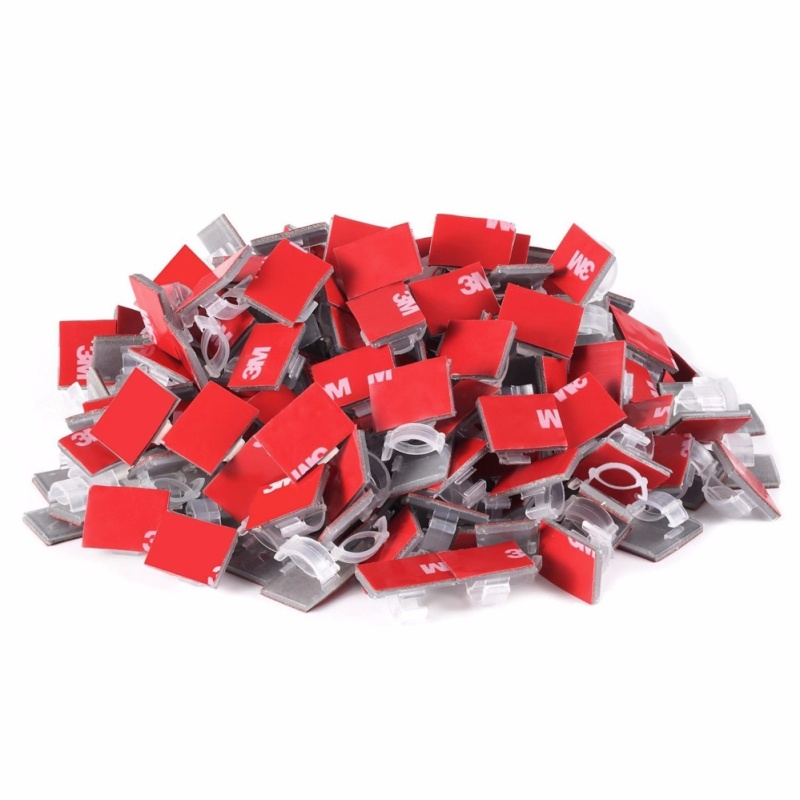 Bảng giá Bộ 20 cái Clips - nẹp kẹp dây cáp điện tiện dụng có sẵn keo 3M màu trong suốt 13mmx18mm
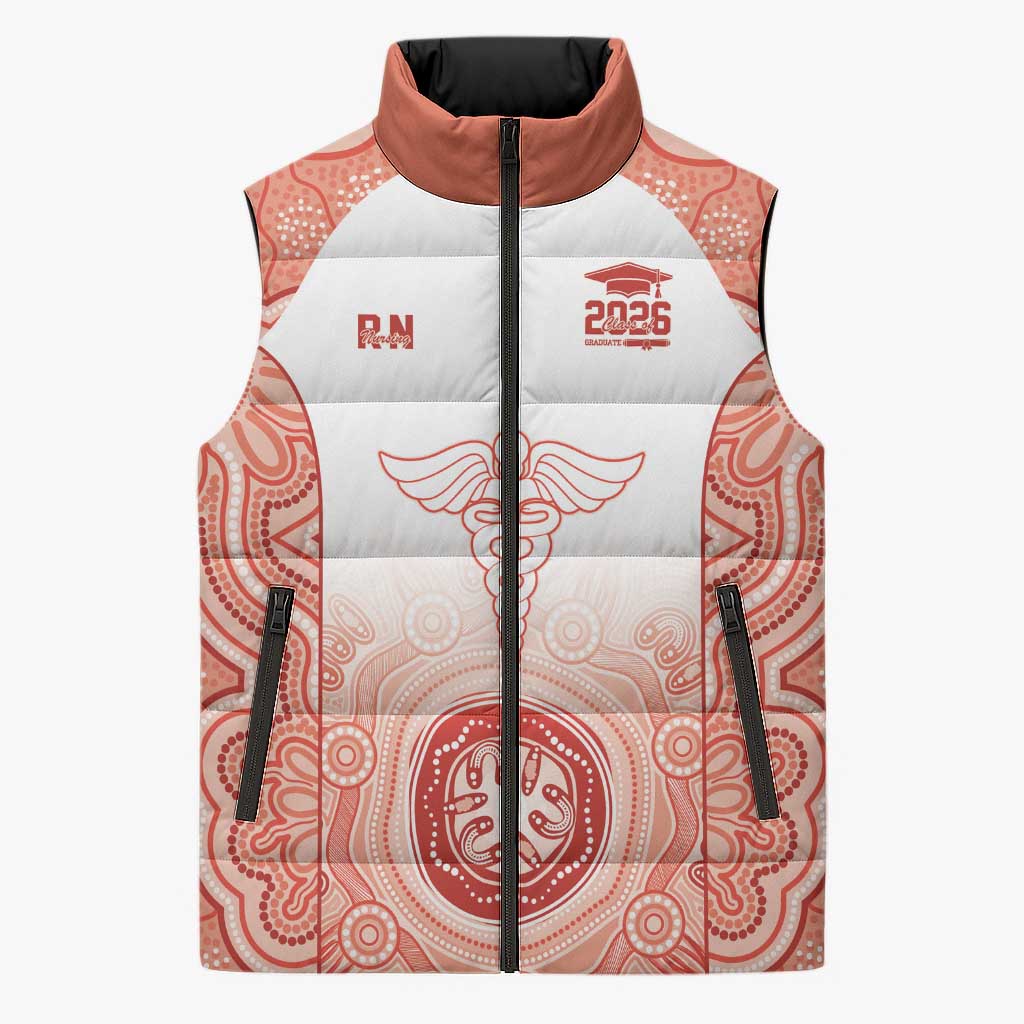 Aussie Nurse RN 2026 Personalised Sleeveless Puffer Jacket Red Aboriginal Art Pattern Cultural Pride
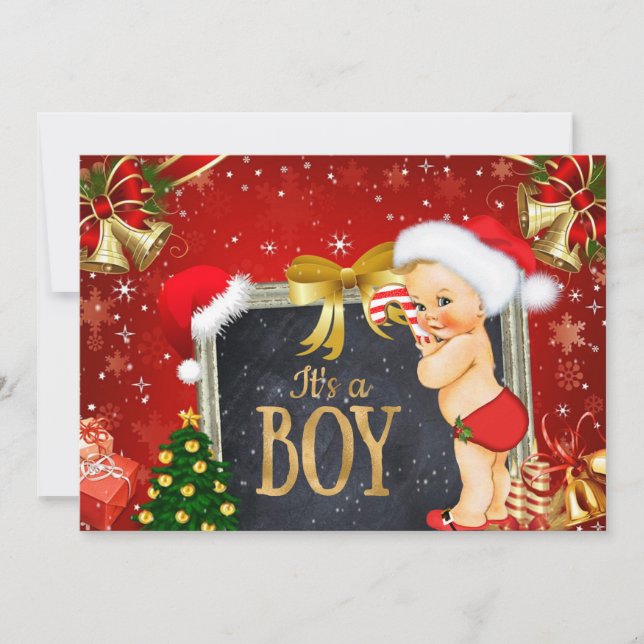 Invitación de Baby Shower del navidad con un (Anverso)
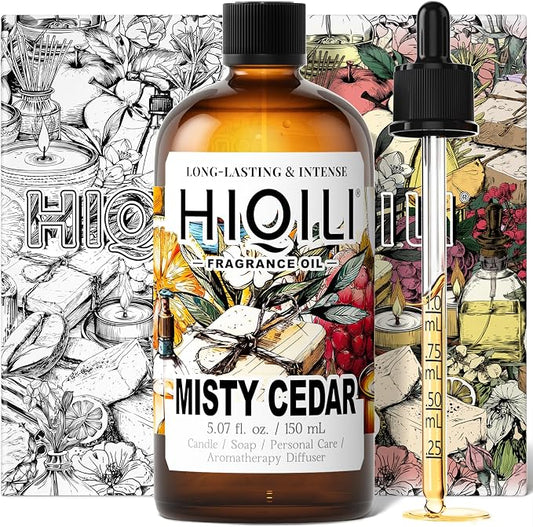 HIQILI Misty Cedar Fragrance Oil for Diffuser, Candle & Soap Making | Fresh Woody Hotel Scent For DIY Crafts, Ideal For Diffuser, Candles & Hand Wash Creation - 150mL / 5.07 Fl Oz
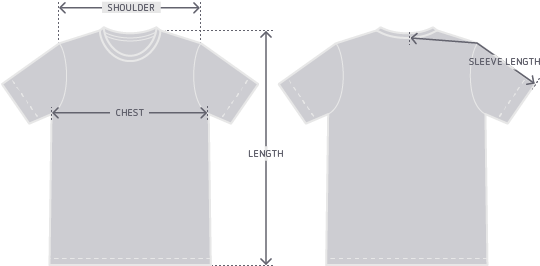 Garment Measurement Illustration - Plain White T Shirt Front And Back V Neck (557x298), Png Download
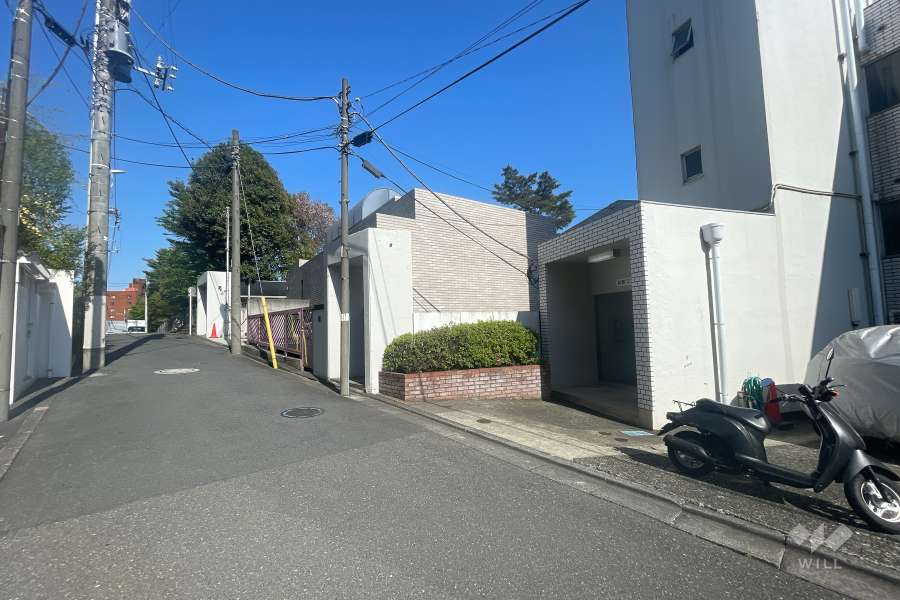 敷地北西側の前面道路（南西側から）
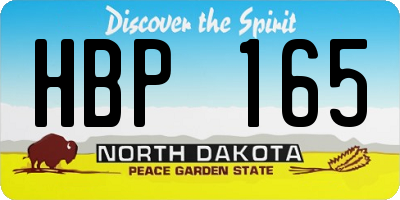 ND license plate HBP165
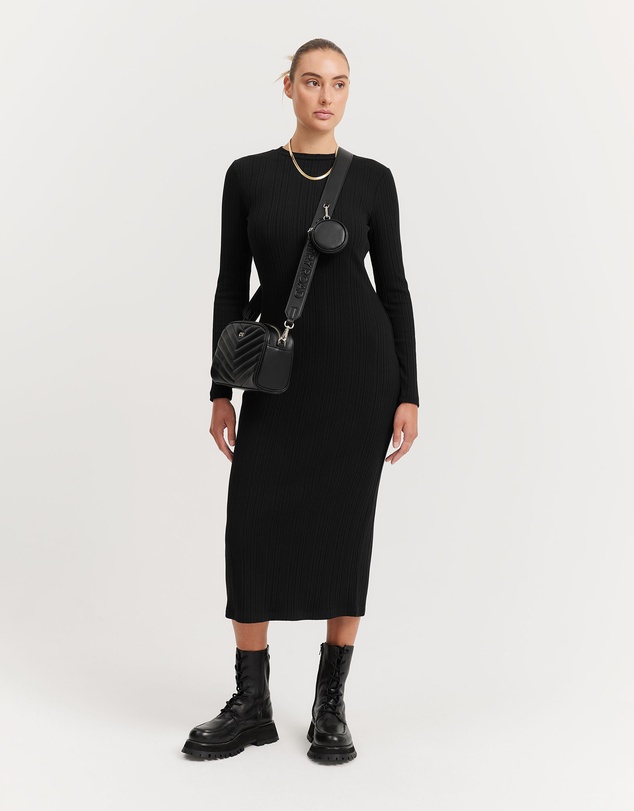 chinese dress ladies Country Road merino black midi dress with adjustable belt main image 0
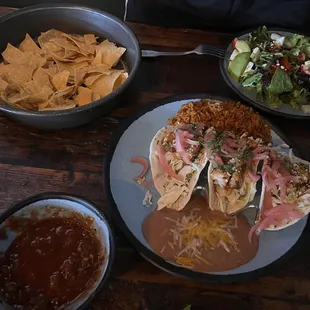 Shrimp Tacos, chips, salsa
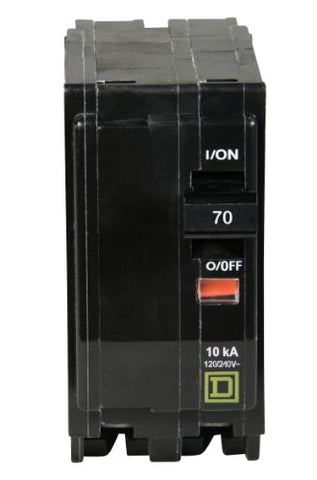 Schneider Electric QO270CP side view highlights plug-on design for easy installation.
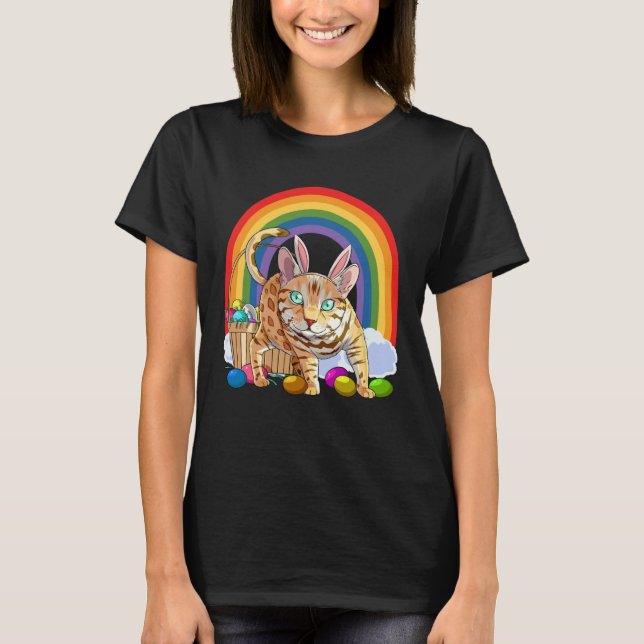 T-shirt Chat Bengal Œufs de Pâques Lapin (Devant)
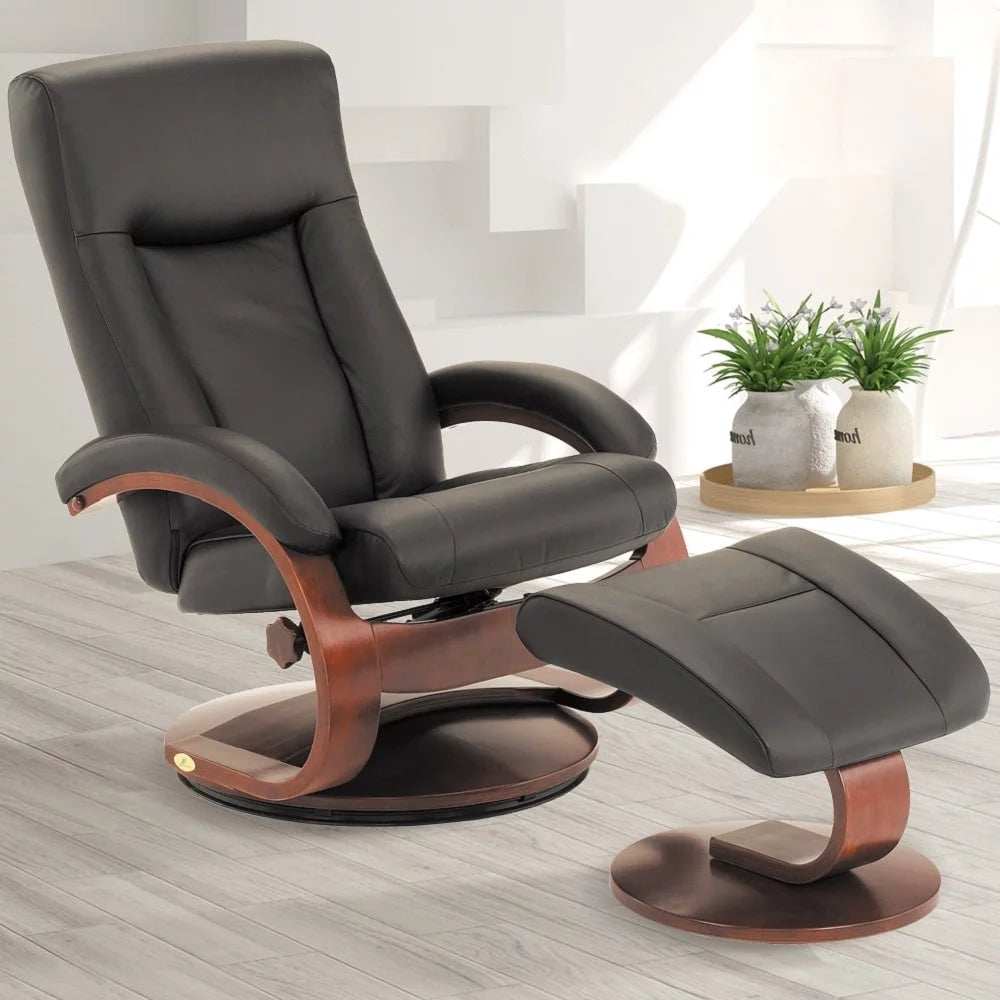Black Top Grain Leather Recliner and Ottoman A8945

------------------------

* _What you will do_
From the first line to the last, copy the listing above exactly and leave out the images.

* _Output of the exercise_
 Bảng giá Bộ 20 cái Clips - nẹp kẹp dây cáp điện tiện dụng có sẵn keo 3M màu trong suốt 13mmx18mm
 Aussie Nurse RN 2026 Personalised Sleeveless Puffer Jacket Red Aboriginal Art Pattern Cultural Pride
 Invitación de Baby Shower del navidad con un (Anverso)
 HIQILI Misty Cedar Fragrance Oil for Diffuser, Candle & Soap Making | Fresh Woody Hotel Scent For DIY Crafts, Ideal For Diffuser, Candles & Hand Wash Creation - 150mL / 5.07 Fl Oz
 Garment Measurement Illustration - Plain White T Shirt Front And Back V Neck (557x298), Png Download
 敷地北西側の前面道路（南西側から）
 ND license plate HBP165
 chinese dress ladies Country Road merino black midi dress with adjustable belt main image 0
 Shrimp Tacos, chips, salsa
 Schneider Electric QO270CP side view highlights plug-on design for easy installation.
 T-shirt Chat Bengal Œufs de Pâques Lapin (Devant)
Black Top Grain Leather Recliner and Ottoman A8945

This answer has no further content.